Sie nahm zwei Koffer mit Kissen, Decke und Kleidung mit. Das Zimmer in Frickestraße 24 wurde versiegelt und eine Spedition räumte die Wohnung aus. Das geraubte Gut wurde durch einen Auktionator, in diesem Fall Carl F. Schlüter, im September 1942 versteigert, den Erlös kassierte die Finanzbehörde Hamburg.
Was wurde aus Johanna Rosenberg und ihrer Familie?

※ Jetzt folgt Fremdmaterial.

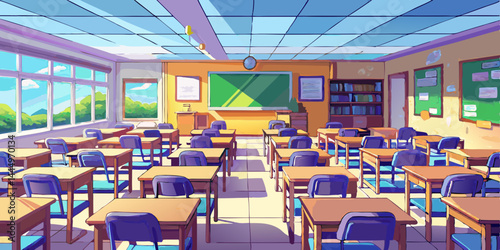 木製の机と黒板のあるアニメ風の教室のインテリア。大きな窓と空席が並ぶ明るい日本の学校の様子を、すっきりとしたアニメ風のイラストで表現しています。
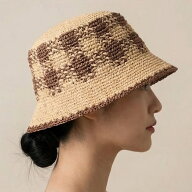 〈キット〉ギンガムチェックのサマーバケットハット　キット　Designed by chocomaru【キット/手芸/編み…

Johanna Rosenberg starb am 5. November 1944 in Terezin. Ihre Tochter Alice wurde am 18. November 1941 mit ihrem Sohn Mosche (geb. 6. Juli 1940) nach Minsk deportiert, ihr Mann/Vater, Marcus, war bereits am 8. November 1941 dorthin verschleppt worden. Sie überlebten nicht und wurden am 8. Mai 1945 für tot erklärt. Da Elsa Rosenberg mit Eduard Schreiber aus der Mehrheitsgesellschaft verheiratet war, wurde sie nicht deportiert und überlebte.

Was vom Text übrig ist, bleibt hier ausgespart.